* [PATCH] migration: ensure APIC is loaded prior to VFIO PCI devices
@ 2025-08-18 13:11 Yanfei Xu
2025-08-18 14:56 ` Peter Xu
2025-09-29 15:51 ` Peter Xu
0 siblings, 2 replies; 5+ messages in thread
From: Yanfei Xu @ 2025-08-18 13:11 UTC (permalink / raw)

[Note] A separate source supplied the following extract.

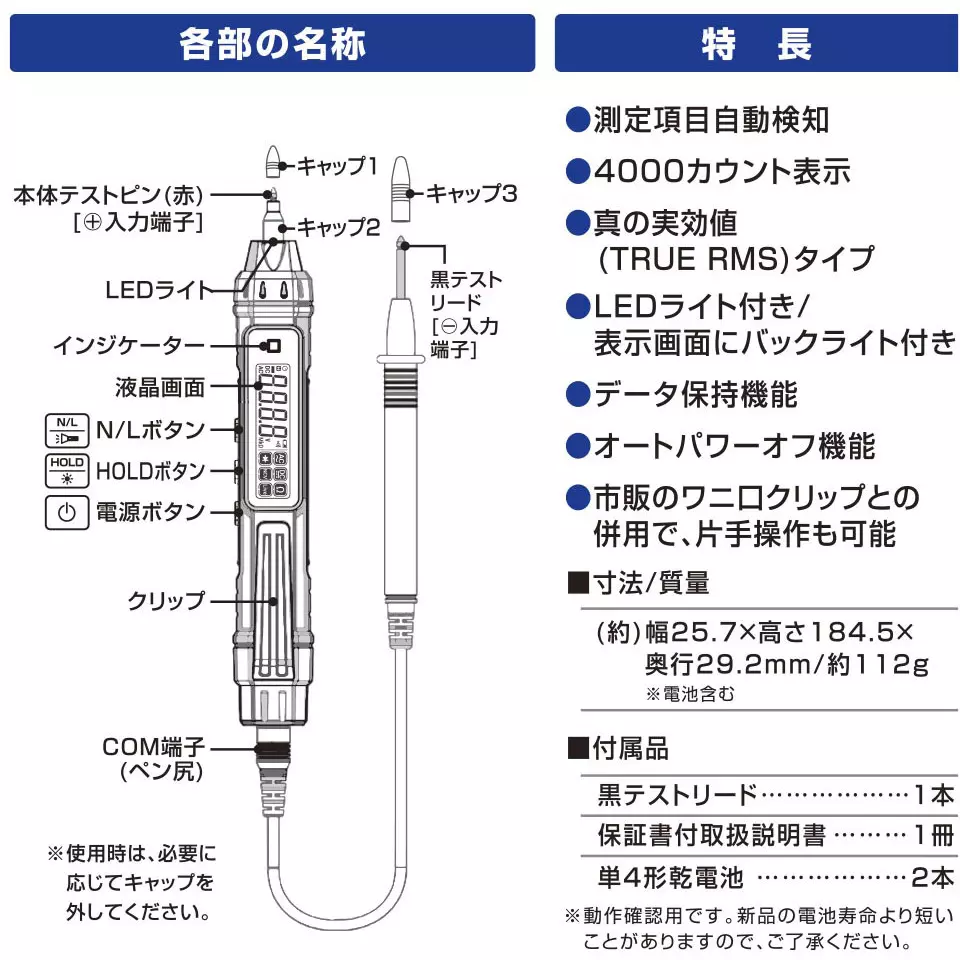 ohm-electric-multi-tester-58063796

To: mst, pbonzini, peterx, farosas; +Cc: qemu-devel, yanfei.xu, shenyicong.1023
The load procedure of VFIO PCI devices involves setting up IRT
for each VFIO PCI devices. This requires determining whether an
interrupt is single-destination interrupt to decide between
Posted Interrupt(PI) or remapping mode for the IRTE. However,
determining this may require accessing the VM's APIC registers.
For example:
ioctl(vbasedev->fd, VFIO_DEVICE_SET_IRQS, irqs)
...
kvm_arch_irq_bypass_add_producer
kvm_x86_call(pi_update_irte)
vmx_pi_update_irte
kvm_intr_is_single_vcpu
If the LAPIC has not been loaded yet, interrupts will use remapping
mode. To prevent the fallback of interrupt mode, keep APIC is always
loaded prior to VFIO PCI devices.
Signed-off-by: Yicong Shen <shenyicong.1023@bytedance.com>
Signed-off-by: Yanfei Xu <yanfei.xu@bytedance.com>
---
hw/intc/apic_common.c | 1 +
include/migration/vmstate.h | 1 +
2 files changed, 2 insertions(+)
diff --git a/hw/intc/apic_common.c b/hw/intc/apic_common.c
index 37a7a7019d..394fe02013 100644
--- a/hw/intc/apic_common.c
+++ b/hw/intc/apic_common.c
@@ -379,6 +379,7 @@ static const VMStateDescription vmstate_apic_common = {
.pre_load = apic_pre_load,
.pre_save = apic_dispatch_pre_save,
.post_load = apic_dispatch_post_load,
+ .priority = MIG_PRI_APIC,
.fields = (const VMStateField[]) {
VMSTATE_UINT32(apicbase, APICCommonState),
VMSTATE_UINT8(id, APICCommonState),
diff --git a/include/migration/vmstate.h b/include/migration/vmstate.h
index 1ff7bd9ac4..22e988c5db 100644
--- a/include/migration/vmstate.h
+++ b/include/migration/vmstate.h
@@ -163,6 +163,7 @@ typedef enum {
MIG_PRI_IOMMU, /* Must happen before PCI devices */
MIG_PRI_PCI_BUS, /* Must happen before IOMMU */
MIG_PRI_VIRTIO_MEM, /* Must happen before IOMMU */
+ MIG_PRI_APIC, /* Must happen before PCI devices */
MIG_PRI_GICV3_ITS, /* Must happen before PCI devices */
MIG_PRI_GICV3, /* Must happen before the ITS */
MIG_PRI_MAX,
--
2.20.1
^ permalink raw reply related [flat|nested] 5+ messages in thread
* Re: [PATCH] migration: ensure APIC is loaded prior to VFIO PCI devices
2025-08-18 13:11 [PATCH] migration: ensure APIC is loaded prior to VFIO PCI devices Yanfei Xu
@ 2025-08-18 14:56 ` Peter Xu
2025-09-29 15:51 ` Peter Xu
1 sibling, 0 replies; 5+ messages in thread
From: Peter Xu @ 2025-08-18 14:56 UTC (permalink / raw)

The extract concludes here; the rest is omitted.